Output nothing but the lines from the first line of the entries to the line with "Alloy Macrame Pouch", inclusive, exactly as they read.

[[ EXERCISE INPUT, beginning ]]

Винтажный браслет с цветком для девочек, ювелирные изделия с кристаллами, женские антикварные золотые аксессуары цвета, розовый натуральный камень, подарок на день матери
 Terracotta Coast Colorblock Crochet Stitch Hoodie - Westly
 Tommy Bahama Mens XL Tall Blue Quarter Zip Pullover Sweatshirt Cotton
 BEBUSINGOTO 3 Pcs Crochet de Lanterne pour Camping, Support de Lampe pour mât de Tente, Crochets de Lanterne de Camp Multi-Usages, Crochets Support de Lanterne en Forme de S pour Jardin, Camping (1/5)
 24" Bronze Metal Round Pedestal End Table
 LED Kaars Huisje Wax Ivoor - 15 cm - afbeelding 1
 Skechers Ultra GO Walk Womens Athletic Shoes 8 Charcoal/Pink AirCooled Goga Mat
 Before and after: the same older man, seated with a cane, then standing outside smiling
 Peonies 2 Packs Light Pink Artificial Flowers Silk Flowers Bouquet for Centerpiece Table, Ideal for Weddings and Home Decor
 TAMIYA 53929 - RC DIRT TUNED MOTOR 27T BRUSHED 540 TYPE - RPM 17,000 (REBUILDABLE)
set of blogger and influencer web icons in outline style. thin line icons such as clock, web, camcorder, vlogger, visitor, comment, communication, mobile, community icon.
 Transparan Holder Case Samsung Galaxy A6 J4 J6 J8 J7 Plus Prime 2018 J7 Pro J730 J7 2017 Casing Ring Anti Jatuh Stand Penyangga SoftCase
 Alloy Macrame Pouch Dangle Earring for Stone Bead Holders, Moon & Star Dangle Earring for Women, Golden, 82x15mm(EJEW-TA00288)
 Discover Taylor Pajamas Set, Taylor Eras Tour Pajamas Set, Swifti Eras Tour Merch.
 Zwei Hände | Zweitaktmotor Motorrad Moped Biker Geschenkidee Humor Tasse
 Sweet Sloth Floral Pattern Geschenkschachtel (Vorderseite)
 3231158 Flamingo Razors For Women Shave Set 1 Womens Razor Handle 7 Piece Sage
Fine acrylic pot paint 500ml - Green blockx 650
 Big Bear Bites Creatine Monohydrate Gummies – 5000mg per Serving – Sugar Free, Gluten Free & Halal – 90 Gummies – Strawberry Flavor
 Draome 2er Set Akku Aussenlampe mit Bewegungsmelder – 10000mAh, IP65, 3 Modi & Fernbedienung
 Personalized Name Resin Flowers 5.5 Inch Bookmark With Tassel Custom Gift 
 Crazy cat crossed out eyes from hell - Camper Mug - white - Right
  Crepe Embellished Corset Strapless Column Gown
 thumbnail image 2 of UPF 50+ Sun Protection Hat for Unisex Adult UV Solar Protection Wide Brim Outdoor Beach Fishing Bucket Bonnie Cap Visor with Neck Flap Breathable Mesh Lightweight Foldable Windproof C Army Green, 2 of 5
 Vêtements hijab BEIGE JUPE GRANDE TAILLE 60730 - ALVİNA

[[ EXERCISE INPUT, end ]]

> **EXPECTED ANSWER**
Винтажный браслет с цветком для девочек, ювелирные изделия с кристаллами, женские антикварные золотые аксессуары цвета, розовый натуральный камень, подарок на день матери
 Terracotta Coast Colorblock Crochet Stitch Hoodie - Westly
 Tommy Bahama Mens XL Tall Blue Quarter Zip Pullover Sweatshirt Cotton
 BEBUSINGOTO 3 Pcs Crochet de Lanterne pour Camping, Support de Lampe pour mât de Tente, Crochets de Lanterne de Camp Multi-Usages, Crochets Support de Lanterne en Forme de S pour Jardin, Camping (1/5)
 24" Bronze Metal Round Pedestal End Table
 LED Kaars Huisje Wax Ivoor - 15 cm - afbeelding 1
 Skechers Ultra GO Walk Womens Athletic Shoes 8 Charcoal/Pink AirCooled Goga Mat
 Before and after: the same older man, seated with a cane, then standing outside smiling
 Peonies 2 Packs Light Pink Artificial Flowers Silk Flowers Bouquet for Centerpiece Table, Ideal for Weddings and Home Decor
 TAMIYA 53929 - RC DIRT TUNED MOTOR 27T BRUSHED 540 TYPE - RPM 17,000 (REBUILDABLE)
set of blogger and influencer web icons in outline style. thin line icons such as clock, web, camcorder, vlogger, visitor, comment, communication, mobile, community icon.
 Transparan Holder Case Samsung Galaxy A6 J4 J6 J8 J7 Plus Prime 2018 J7 Pro J730 J7 2017 Casing Ring Anti Jatuh Stand Penyangga SoftCase
 Alloy Macrame Pouch Dangle Earring for Stone Bead Holders, Moon & Star Dangle Earring for Women, Golden, 82x15mm(EJEW-TA00288)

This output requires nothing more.